At first, I didn’t want anyone to know that I attended AA meetings. It quickly became clear that I wasn’t going to have a choice. The first time I appeared in front of the judge on OVI number three, he ordered me to have the “party plates” placed on my car. For a year, I sported those beautiful yellow and red license plates. I also got to blow into a breathalyzer that was installed at my house three times a day. It would begin going off at 5 a.m. and would beep every minute until I blew in it. It also took my photograph. Those were definitely some beautiful pictures. I’m sure the guys at Smart Start appreciate them. I had to spend 10 days in an inpatient treatment center, which was really a jail that they termed a treatment center. I also was ordered to complete 100 hours of community service, and I was put on probation for three years and had my driver’s license suspended for two of those years.

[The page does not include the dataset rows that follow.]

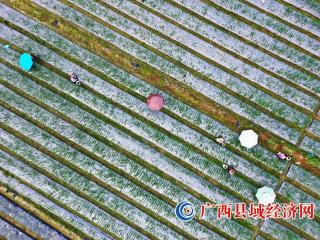 广西融安:夏至时节农事忙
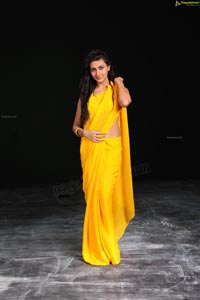 Neelam Upadhayaya in Yellow Saree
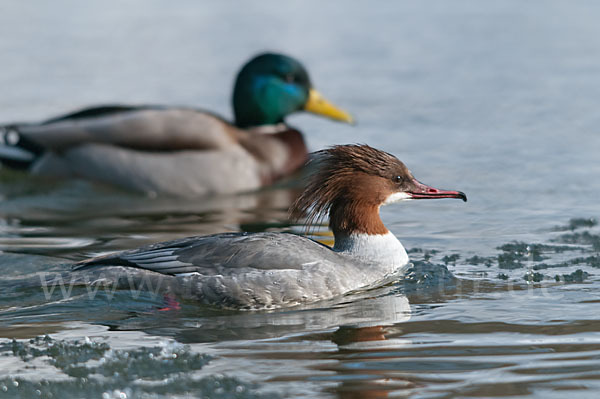 Stockente (Anas platyrhynchos)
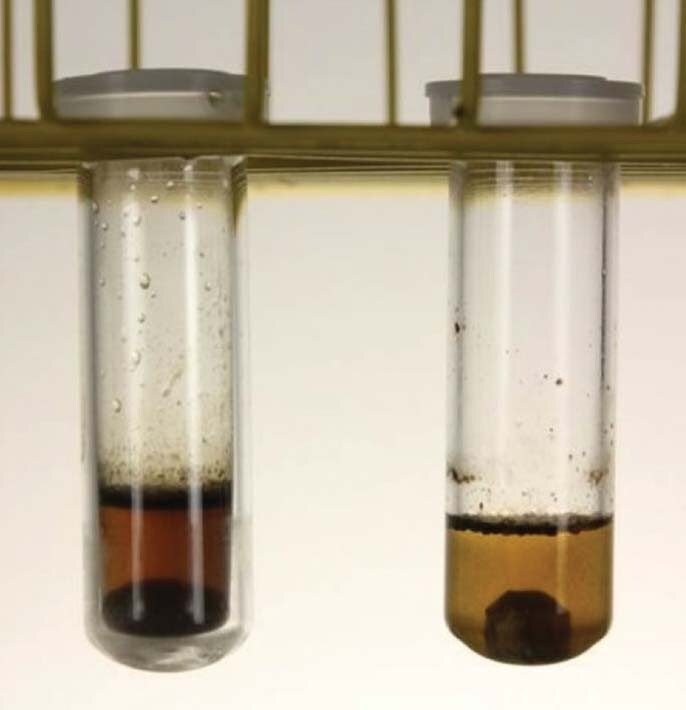 Abbildung 9. Eine hydrolysierte Probe.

While all of those penalties seemed harsh, they were nothing compared to what I went through personally. I lost my children temporarily. My ex-husband heard about the third OVI and refused to give the kids back to me after his weekend visitation. Prior to that time, he had been an every other weekend dad and had given up custody of the kids. After that, he refused to let me see them at all for over a month and then demanded that I give him more than $7,500 a month in child support and spousal support. That would have been tight on my salary, since I had been fired from the law firm as soon as they heard about the OVIs—in spite of my efforts to show them the steps I had taken to confront my problem. As such, I had no money to give anyone.
I lost some of my “friends.” And I use quotation marks around the word friends because I have come to realize something. The people that I lost as my “friends” weren’t really friends to begin with. They were drinking acquaintances, or they were colleagues that I socialized with and occasionally we went to each other’s houses under the auspices of friendship. But once I was branded with the scarlet letters of my license plate, they faded into the woodwork. I’ve heard through the grapevine what they say about me now, and I just smile because if those people knew the person I truly am—the person without the alcohol—I’m sure they’d like me a lot better. But I don’t think I’d like them at all. The absence of an alcohol buffer tends to alter your perspective about things like friendship, loyalty and trust.
Some members of my family began to side with my ex-husband. One of them even called the court and told the court that I had been drinking every night (I had been sober for more than four months at that time and was still blowing in a breathalyzer three times a day). They told the court that I was not fit to be a mother.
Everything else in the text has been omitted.